*Exercise input:*
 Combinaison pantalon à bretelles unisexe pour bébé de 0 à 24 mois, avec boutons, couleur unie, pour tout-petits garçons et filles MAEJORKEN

--

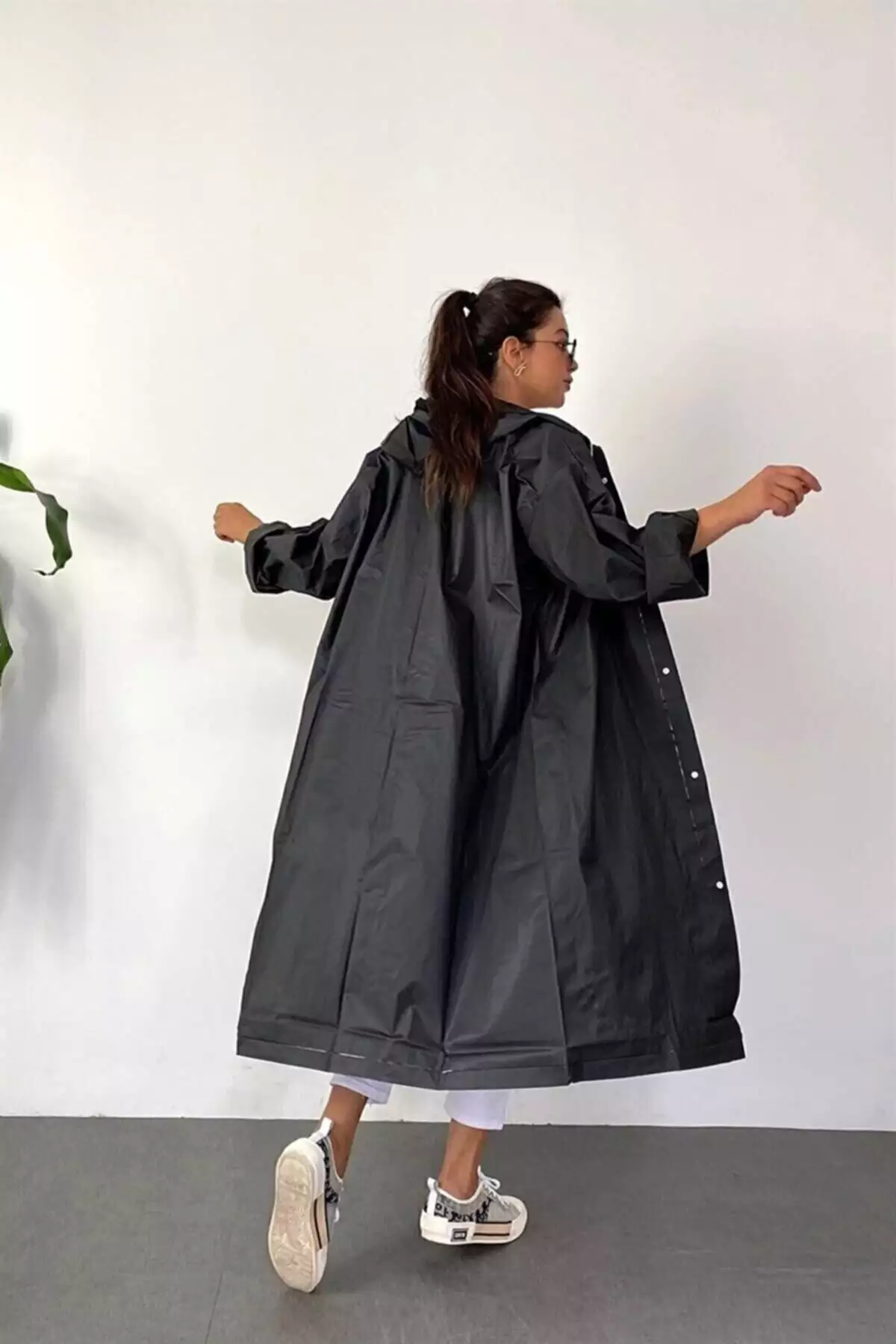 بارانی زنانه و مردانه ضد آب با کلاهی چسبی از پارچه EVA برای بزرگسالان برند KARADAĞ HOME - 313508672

* * *

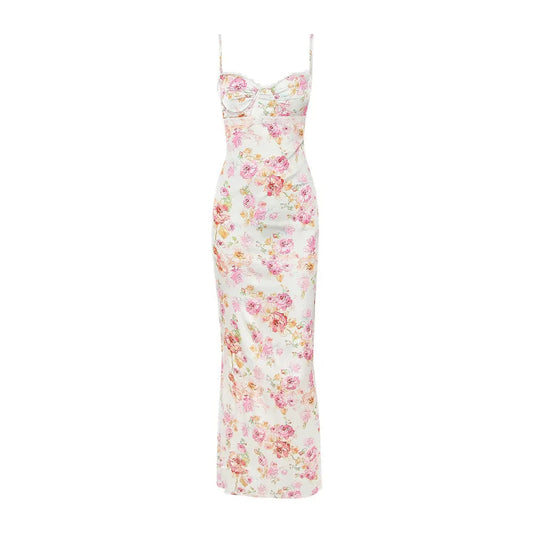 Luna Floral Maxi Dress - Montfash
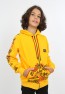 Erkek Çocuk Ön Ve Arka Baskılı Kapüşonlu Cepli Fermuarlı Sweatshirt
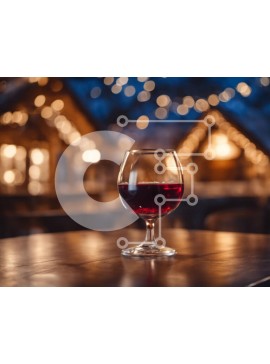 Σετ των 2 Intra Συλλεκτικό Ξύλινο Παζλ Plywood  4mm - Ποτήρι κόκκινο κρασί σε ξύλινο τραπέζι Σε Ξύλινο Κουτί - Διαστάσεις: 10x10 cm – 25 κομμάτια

*About this exercise:* Within the entries above, the lines from the one containing "Luna Floral Maxi Dress - Montfash" through the one containing "Σετ των 2 Intra" are to be transcribed exactly, ends included, pictures excluded.

*Solution to the exercise:*
 Luna Floral Maxi Dress - Montfash
 Erkek Çocuk Ön Ve Arka Baskılı Kapüşonlu Cepli Fermuarlı Sweatshirt
 Σετ των 2 Intra Συλλεκτικό Ξύλινο Παζλ Plywood  4mm - Ποτήρι κόκκινο κρασί σε ξύλινο τραπέζι Σε Ξύλινο Κουτί - Διαστάσεις: 10x10 cm – 25 κομμάτια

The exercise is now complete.